Brunetti was about to suggest disguising or camouflaging the cameras when he sensed motion from Vianello, and a moment later the Inspector was at his side. ‘Yes, a coffee would be good.’
Without another word to Masiero, Brunetti left the squad room and led the way down to the front door and then along the riva towards the bar up near the bridge. Neither had much to say, though Vianello did observe dully that it would probably be easier simply to check the schedule of the people working at the garage for the nights of the thefts. That failing, he went on, it would be easy enough to check the computer list of those who had used their entrance cards to park or remove their cars on the nights in question.
They entered the bar and, united in their hunger, stood and studied the tramezzini on offer. Bambola asked what they would like. Brunetti asked for a tomato and egg and a tomato and mozzarella. Vianello said he’d have the same. Both asked for white wine and took their glasses to the booth at the far end of the bar.
It was only a moment before Bambola was there with the sandwiches. Ignoring them, Vianello drank half his wine; Brunetti did the same, then nodded to Bambola, holding up his glass and pointing to Vianello’s.
He set his glass down and picked up one of the tramezzini , not bothering to see which it was. Hunger demanded haste, not consideration. Less mayonnaise than Sergio used, Brunetti determined with the first bite, and all the better for that. He finished his glass and handed it to the returning Bambola.
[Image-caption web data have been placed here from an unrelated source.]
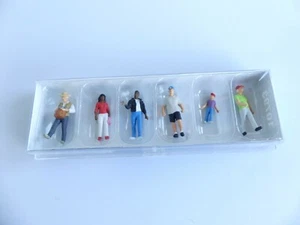 PREISER HO 1: 87 / 10793 PERSONNAGES PASSANTS - Picture 1 of 1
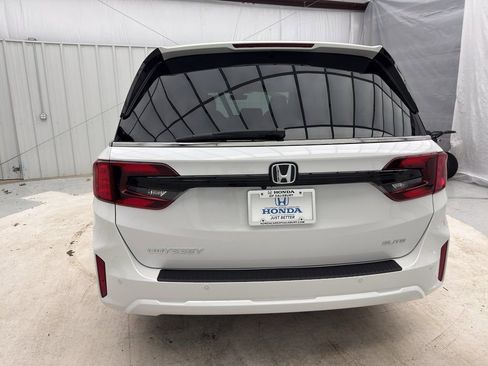 New 2026 Honda Odyssey Elite image 7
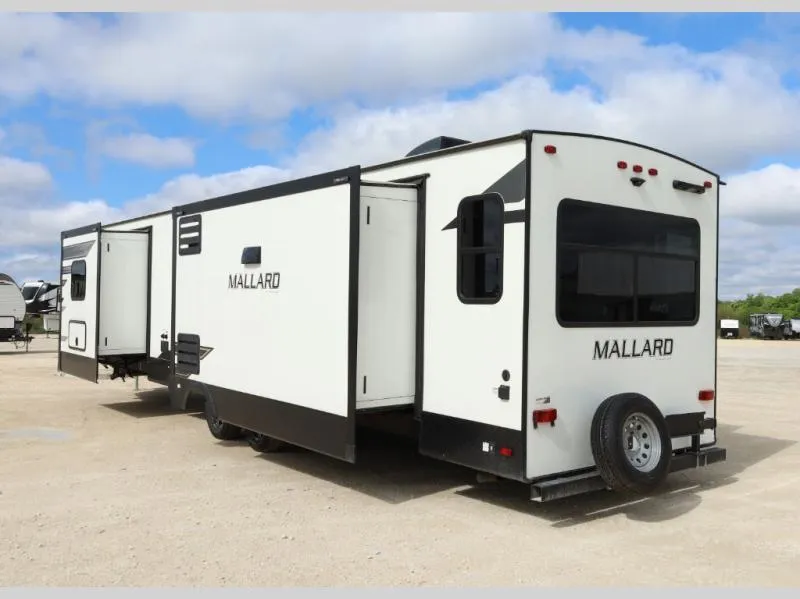 2022 Heartland Mallard Used    335 - Photo 3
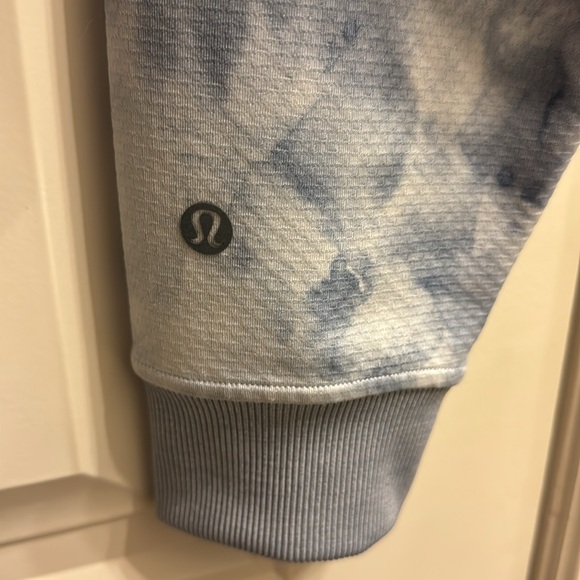 Men’s Lululemon hoodie sweatshirt size L. - Picture 2 of 6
‘Well?’ Brunetti finally said as the barman went off with the empty glasses.
‘What did Patta say?’ Vianello asked, then smiled at Brunetti’s look. ‘Alvise saw you going in.’
‘He told me to get on with it, without specifying what he meant. I take it to mean the Borelli woman.’
‘It didn’t look like a place a woman would want to be,’ Vianello said, echoing his and Patta’s thought while somehow managing to make it sound less objectionable. Then the Inspector surprised him by saying, ‘My grandfather was a farmer.’
‘I thought he was Venetian,’ Brunetti said, one thing making the other impossible.
‘Not until he was almost twenty. He came here just before the First World War. My mother’s father. His family was starving to death on a farm in Friuli, so they took the middle boy and sent him to the city to work. But he grew up on a farm. I remember, when I was a kid, he used to tell me stories about what it was like to work under a padrone . The man who owned the farm would ride over on his horse every day and count the eggs, or at least count the chickens and then demand more eggs if he didn’t get the number he thought was right.’ Vianello looked out the window of the bar at the people walking up and down the bridge. ‘Think of it: the guy owned most of the farms in the region, and he spent his time counting eggs.’ He shook his head at the thought and added, ‘He told me the only thing they could do, sometimes, was drink some of the milk while it was set out to settle overnight.’